A Louisiana state trooper who accused colleagues involved in the death of Ronald Greene of murder and an alleged internal coverup says he was notified he will be fired.


Carl Cavalier gave an interview in June to CNN affiliate WBRZ-TV in Baton Rouge. During this interview, he describes what he believes was an internal coverup to protect the troopers involved in Greene's death.


On May 10, 2019, Greene died in the wake of a police chase with Louisiana State Police (LSP) near Monroe, Louisiana. Greene's family said they were told by LSP that Greene died in a car crash, but body camera and dash camera video released to the public two years later tell a different story of what happened.

The videos show Greene was tased, kicked and punched by LSP officers before he died in their custody.

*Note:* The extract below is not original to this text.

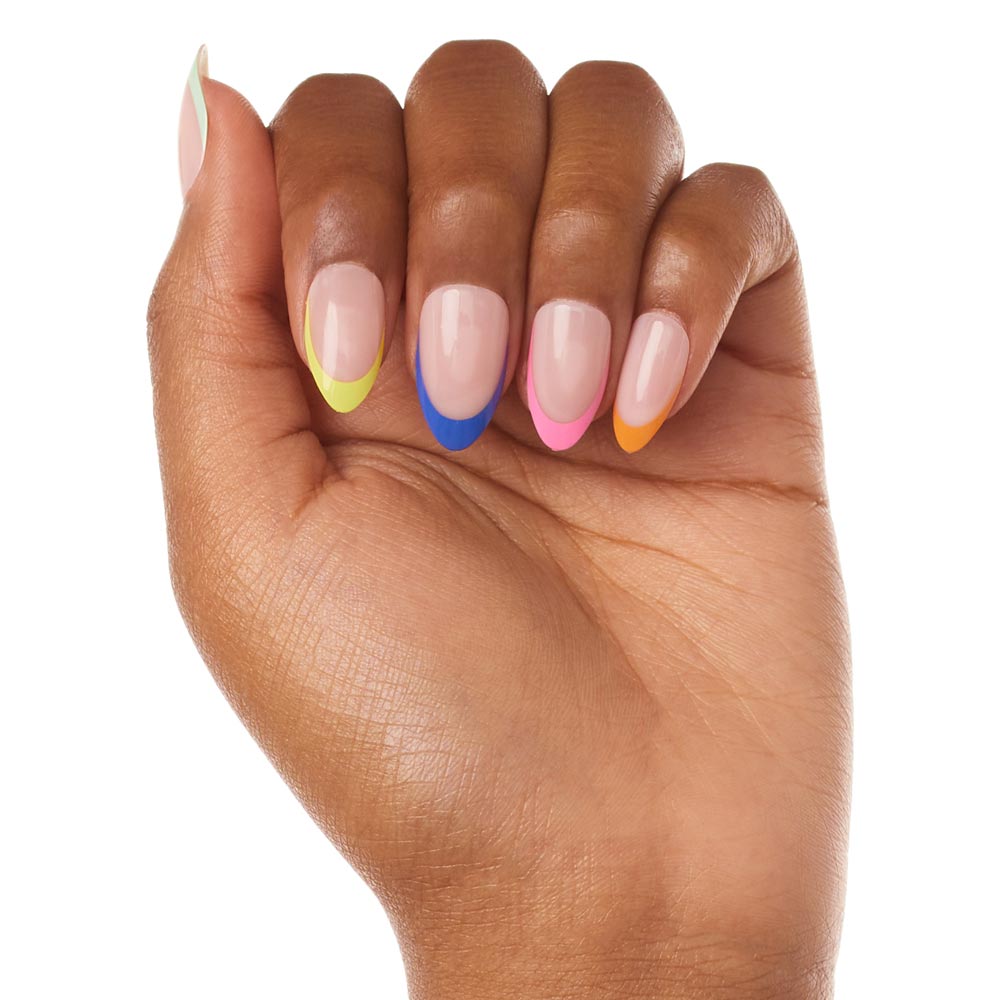 A hand with medium brown skin shows off almond-shaped nails featuring glamnetics Sprinkles: a natural base with pastel green, yellow, blue, pink, and orange French tips—all against a white background. - Product image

Two troopers involved in the incident were reprimanded for their actions that night, including for not following procedures for body-worn cameras. A third was to be terminated for violations regarding body-worn camera and car camera systems, use of force, performance, lawful orders and for conduct unbecoming an officer. That trooper died in a car crash before he could be fired, according to LSP Superintendent Col. Lamar Davis.


Shortly after the release of the video, Cavalier spoke with WBRZ, saying he believes there needs to be arrests, including of the former agency head. Cavalier said the individuals went "unpunished" and are "still patrolling the streets."

"We still have murderers, in my eyes, on the job," he said.

Since then, Cavalier has made several media appearances in which he criticized the department's handling of the case. CNN has reached out to Louisiana State Police for comment.

"Trooper Cavalier received the decision of the appointing authority to move forward with termination based on an administrative investigation which revealed he violated several departmental policies," Louisiana State Police spokeswoman Melissa Matey said Thursday in an emailed statement to the Washington Post. "It should be noted that our disciplinary administrative process is not finalized and Cavalier remains an employee at this time."